Budgets, even good ones, merely allocate resources

August 2014

    Solutions lie outside of the fiscal tool and key is in implementation

    This year’s budget, the last of the current sitting administration and possibly the last budget of finance minister Pravin Gordhan, was a mix of conservatism as well as practicality given that we are in an election year.

    While it did bring about an income tax relief of R9.3 billion to households, increased tax cuts and support to SME’s, incentives and funding for Special Economic Zones (SEZ), and continued funds for infrastructure development as well as to social services, it was somewhat conservative in its approach to the challenges South Africa faces in reducing the current 24% unemployment rate.

    While the National Development Plan (NDP) is aimed at creating an equal society where all can partake of the economy the latest budget fell somewhat short in terms of reaching these objectives.

    With an estimated economic growth rate of 2.7% predicted for 2014 we are still far off the 5% growth per annum needed as outlined in the National Development Plan (NDP) to make an impact on structural unemployment.

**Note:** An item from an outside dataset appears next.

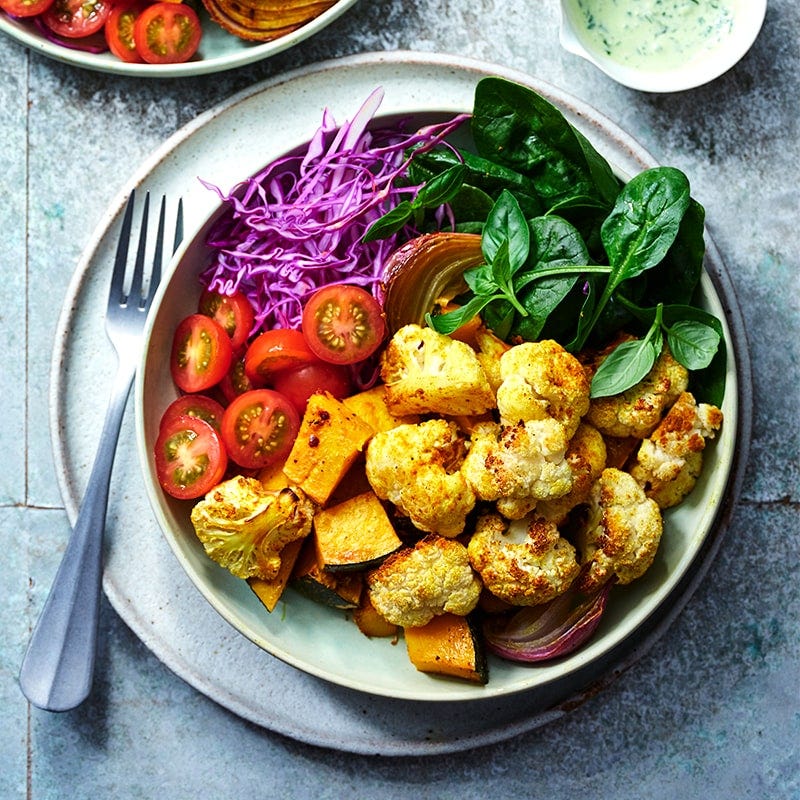 Roasted veggie Buddha bowl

    While many quarters of society, most notably labour, have not given their full support to the NDP, its implementation remains critical in order to get SA on the right economic path. While this budget did not allocate specific amounts to the NDP, key sectors outlined in the plan have been allocated their share of resources.

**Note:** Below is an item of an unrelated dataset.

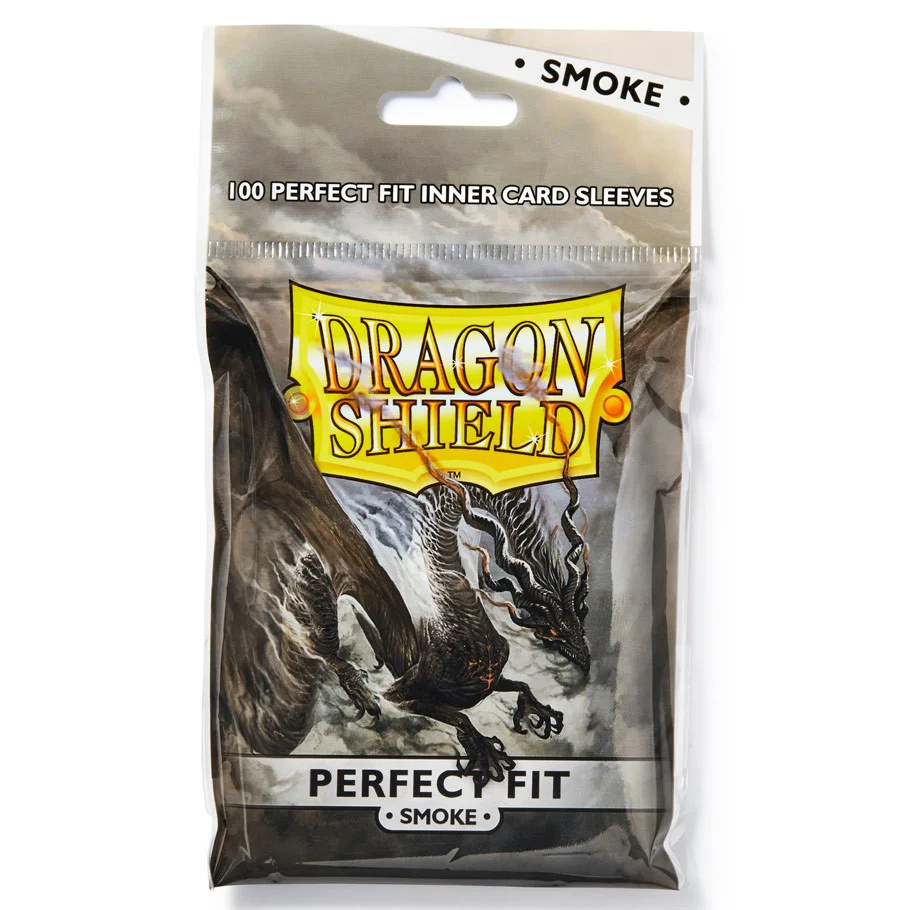 Dragon Shield: Standard - Perfect Fit: Smoke 100 Count - Image 2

    Infrastructure spending over the past five years has amounted to R1 trillion with R847 billion allocated over the next three years for numerous projects including rehabilitation of dams, refurbishing of Metrorail coaches as well as support for IPAP &SEZ.

    Education remains the key pillar for NDP to be successfully implemented. As such it receives an allocation of R256 billion. Another key sector for the successful implementation of NDP is that of healthcare.

    With the NHI pilot programmes already underway and R1.2 billion allocated to piloting general practitioners code, the sector still faces numerous challenges which no amount of budget allocations can resolve unless structural reforms are initiated.

    Employment remains but the biggest obstacle currently facing the country. While strides have been made in creating employment for all, the negative theme far outweighs any good news on the topic. Allocations to employment include the expansion of the Public Works programme as well as the introduction of the youth wage subsidy, both of which needs some time in order to judge it a success or not.